Stored records:
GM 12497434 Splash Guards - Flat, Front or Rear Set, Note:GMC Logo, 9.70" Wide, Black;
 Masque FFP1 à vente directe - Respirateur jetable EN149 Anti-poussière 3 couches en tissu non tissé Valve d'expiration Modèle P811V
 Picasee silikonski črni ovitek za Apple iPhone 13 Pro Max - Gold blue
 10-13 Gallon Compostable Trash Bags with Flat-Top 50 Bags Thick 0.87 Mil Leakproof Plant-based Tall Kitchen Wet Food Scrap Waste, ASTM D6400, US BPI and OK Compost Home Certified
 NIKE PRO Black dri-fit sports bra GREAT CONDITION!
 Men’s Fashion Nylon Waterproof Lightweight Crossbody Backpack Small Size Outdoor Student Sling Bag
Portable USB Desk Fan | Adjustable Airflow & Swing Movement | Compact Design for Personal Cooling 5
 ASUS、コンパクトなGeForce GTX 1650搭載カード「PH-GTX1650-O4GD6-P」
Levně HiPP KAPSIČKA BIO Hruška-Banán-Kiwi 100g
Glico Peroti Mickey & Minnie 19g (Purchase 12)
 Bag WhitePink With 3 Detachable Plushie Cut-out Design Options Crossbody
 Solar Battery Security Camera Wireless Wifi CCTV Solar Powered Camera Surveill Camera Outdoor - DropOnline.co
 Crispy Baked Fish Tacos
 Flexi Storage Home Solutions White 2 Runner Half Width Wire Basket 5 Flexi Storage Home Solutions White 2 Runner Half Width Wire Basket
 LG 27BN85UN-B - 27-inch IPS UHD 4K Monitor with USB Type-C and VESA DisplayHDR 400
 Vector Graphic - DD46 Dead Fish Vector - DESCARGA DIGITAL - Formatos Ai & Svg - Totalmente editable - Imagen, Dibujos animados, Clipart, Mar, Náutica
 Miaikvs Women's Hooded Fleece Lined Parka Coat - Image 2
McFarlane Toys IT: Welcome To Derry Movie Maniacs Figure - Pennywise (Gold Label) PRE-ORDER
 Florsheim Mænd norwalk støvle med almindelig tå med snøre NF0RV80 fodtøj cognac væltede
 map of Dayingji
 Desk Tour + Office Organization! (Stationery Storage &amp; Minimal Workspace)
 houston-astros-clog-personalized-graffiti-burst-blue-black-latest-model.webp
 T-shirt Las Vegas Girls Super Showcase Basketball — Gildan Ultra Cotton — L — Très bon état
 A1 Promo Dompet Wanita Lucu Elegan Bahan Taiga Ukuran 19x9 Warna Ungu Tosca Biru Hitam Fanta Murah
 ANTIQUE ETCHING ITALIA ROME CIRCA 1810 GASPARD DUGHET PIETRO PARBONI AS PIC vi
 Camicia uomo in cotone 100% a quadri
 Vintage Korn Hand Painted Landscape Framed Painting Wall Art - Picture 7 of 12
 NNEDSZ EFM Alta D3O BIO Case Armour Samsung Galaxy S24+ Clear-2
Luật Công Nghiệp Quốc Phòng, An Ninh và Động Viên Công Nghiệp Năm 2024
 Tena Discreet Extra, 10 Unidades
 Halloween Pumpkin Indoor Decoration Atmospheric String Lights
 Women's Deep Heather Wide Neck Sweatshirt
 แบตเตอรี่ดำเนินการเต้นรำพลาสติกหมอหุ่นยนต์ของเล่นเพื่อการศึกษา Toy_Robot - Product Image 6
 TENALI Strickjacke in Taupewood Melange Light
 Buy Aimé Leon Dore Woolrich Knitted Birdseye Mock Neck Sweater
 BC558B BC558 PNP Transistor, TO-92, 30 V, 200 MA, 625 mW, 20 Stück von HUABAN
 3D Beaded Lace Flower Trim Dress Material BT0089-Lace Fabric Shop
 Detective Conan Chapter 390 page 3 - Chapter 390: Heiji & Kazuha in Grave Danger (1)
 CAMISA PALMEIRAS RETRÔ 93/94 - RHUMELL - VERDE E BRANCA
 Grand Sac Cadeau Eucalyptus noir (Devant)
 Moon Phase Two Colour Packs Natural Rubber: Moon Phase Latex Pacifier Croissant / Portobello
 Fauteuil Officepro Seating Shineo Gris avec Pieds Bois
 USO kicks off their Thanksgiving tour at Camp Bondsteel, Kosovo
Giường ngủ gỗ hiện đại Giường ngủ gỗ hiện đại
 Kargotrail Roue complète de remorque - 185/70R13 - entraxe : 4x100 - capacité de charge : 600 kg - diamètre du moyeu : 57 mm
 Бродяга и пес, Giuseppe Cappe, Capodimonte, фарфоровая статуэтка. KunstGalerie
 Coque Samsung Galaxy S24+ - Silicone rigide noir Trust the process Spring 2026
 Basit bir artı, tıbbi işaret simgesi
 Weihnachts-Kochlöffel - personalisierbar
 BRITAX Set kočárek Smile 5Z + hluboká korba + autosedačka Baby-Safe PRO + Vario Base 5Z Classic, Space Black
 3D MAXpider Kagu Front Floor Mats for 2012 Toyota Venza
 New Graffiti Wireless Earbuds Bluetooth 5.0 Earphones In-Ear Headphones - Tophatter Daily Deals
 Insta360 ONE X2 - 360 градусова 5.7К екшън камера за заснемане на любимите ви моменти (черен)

WORK REQUEST:
Please copy out each entry exactly as it appears above.

OUTPUT OF THE TASK:
GM 12497434 Splash Guards - Flat, Front or Rear Set, Note:GMC Logo, 9.70" Wide, Black;
 Masque FFP1 à vente directe - Respirateur jetable EN149 Anti-poussière 3 couches en tissu non tissé Valve d'expiration Modèle P811V
 Picasee silikonski črni ovitek za Apple iPhone 13 Pro Max - Gold blue
 10-13 Gallon Compostable Trash Bags with Flat-Top 50 Bags Thick 0.87 Mil Leakproof Plant-based Tall Kitchen Wet Food Scrap Waste, ASTM D6400, US BPI and OK Compost Home Certified
 NIKE PRO Black dri-fit sports bra GREAT CONDITION!
 Men’s Fashion Nylon Waterproof Lightweight Crossbody Backpack Small Size Outdoor Student Sling Bag
Portable USB Desk Fan | Adjustable Airflow & Swing Movement | Compact Design for Personal Cooling 5
 ASUS、コンパクトなGeForce GTX 1650搭載カード「PH-GTX1650-O4GD6-P」
Levně HiPP KAPSIČKA BIO Hruška-Banán-Kiwi 100g
Glico Peroti Mickey & Minnie 19g (Purchase 12)
 Bag WhitePink With 3 Detachable Plushie Cut-out Design Options Crossbody
 Solar Battery Security Camera Wireless Wifi CCTV Solar Powered Camera Surveill Camera Outdoor - DropOnline.co
 Crispy Baked Fish Tacos
 Flexi Storage Home Solutions White 2 Runner Half Width Wire Basket 5 Flexi Storage Home Solutions White 2 Runner Half Width Wire Basket
 LG 27BN85UN-B - 27-inch IPS UHD 4K Monitor with USB Type-C and VESA DisplayHDR 400
 Vector Graphic - DD46 Dead Fish Vector - DESCARGA DIGITAL - Formatos Ai & Svg - Totalmente editable - Imagen, Dibujos animados, Clipart, Mar, Náutica
 Miaikvs Women's Hooded Fleece Lined Parka Coat - Image 2
McFarlane Toys IT: Welcome To Derry Movie Maniacs Figure - Pennywise (Gold Label) PRE-ORDER
 Florsheim Mænd norwalk støvle med almindelig tå med snøre NF0RV80 fodtøj cognac væltede
 map of Dayingji
 Desk Tour + Office Organization! (Stationery Storage &amp; Minimal Workspace)
 houston-astros-clog-personalized-graffiti-burst-blue-black-latest-model.webp
 T-shirt Las Vegas Girls Super Showcase Basketball — Gildan Ultra Cotton — L — Très bon état
 A1 Promo Dompet Wanita Lucu Elegan Bahan Taiga Ukuran 19x9 Warna Ungu Tosca Biru Hitam Fanta Murah
 ANTIQUE ETCHING ITALIA ROME CIRCA 1810 GASPARD DUGHET PIETRO PARBONI AS PIC vi
 Camicia uomo in cotone 100% a quadri
 Vintage Korn Hand Painted Landscape Framed Painting Wall Art - Picture 7 of 12
 NNEDSZ EFM Alta D3O BIO Case Armour Samsung Galaxy S24+ Clear-2
Luật Công Nghiệp Quốc Phòng, An Ninh và Động Viên Công Nghiệp Năm 2024
 Tena Discreet Extra, 10 Unidades
 Halloween Pumpkin Indoor Decoration Atmospheric String Lights
 Women's Deep Heather Wide Neck Sweatshirt
 แบตเตอรี่ดำเนินการเต้นรำพลาสติกหมอหุ่นยนต์ของเล่นเพื่อการศึกษา Toy_Robot - Product Image 6
 TENALI Strickjacke in Taupewood Melange Light
 Buy Aimé Leon Dore Woolrich Knitted Birdseye Mock Neck Sweater
 BC558B BC558 PNP Transistor, TO-92, 30 V, 200 MA, 625 mW, 20 Stück von HUABAN
 3D Beaded Lace Flower Trim Dress Material BT0089-Lace Fabric Shop
 Detective Conan Chapter 390 page 3 - Chapter 390: Heiji & Kazuha in Grave Danger (1)
 CAMISA PALMEIRAS RETRÔ 93/94 - RHUMELL - VERDE E BRANCA
 Grand Sac Cadeau Eucalyptus noir (Devant)
 Moon Phase Two Colour Packs Natural Rubber: Moon Phase Latex Pacifier Croissant / Portobello
 Fauteuil Officepro Seating Shineo Gris avec Pieds Bois
 USO kicks off their Thanksgiving tour at Camp Bondsteel, Kosovo
Giường ngủ gỗ hiện đại Giường ngủ gỗ hiện đại
 Kargotrail Roue complète de remorque - 185/70R13 - entraxe : 4x100 - capacité de charge : 600 kg - diamètre du moyeu : 57 mm
 Бродяга и пес, Giuseppe Cappe, Capodimonte, фарфоровая статуэтка. KunstGalerie
 Coque Samsung Galaxy S24+ - Silicone rigide noir Trust the process Spring 2026
 Basit bir artı, tıbbi işaret simgesi
 Weihnachts-Kochlöffel - personalisierbar
 BRITAX Set kočárek Smile 5Z + hluboká korba + autosedačka Baby-Safe PRO + Vario Base 5Z Classic, Space Black
 3D MAXpider Kagu Front Floor Mats for 2012 Toyota Venza
 New Graffiti Wireless Earbuds Bluetooth 5.0 Earphones In-Ear Headphones - Tophatter Daily Deals
 Insta360 ONE X2 - 360 градусова 5.7К екшън камера за заснемане на любимите ви моменти (черен)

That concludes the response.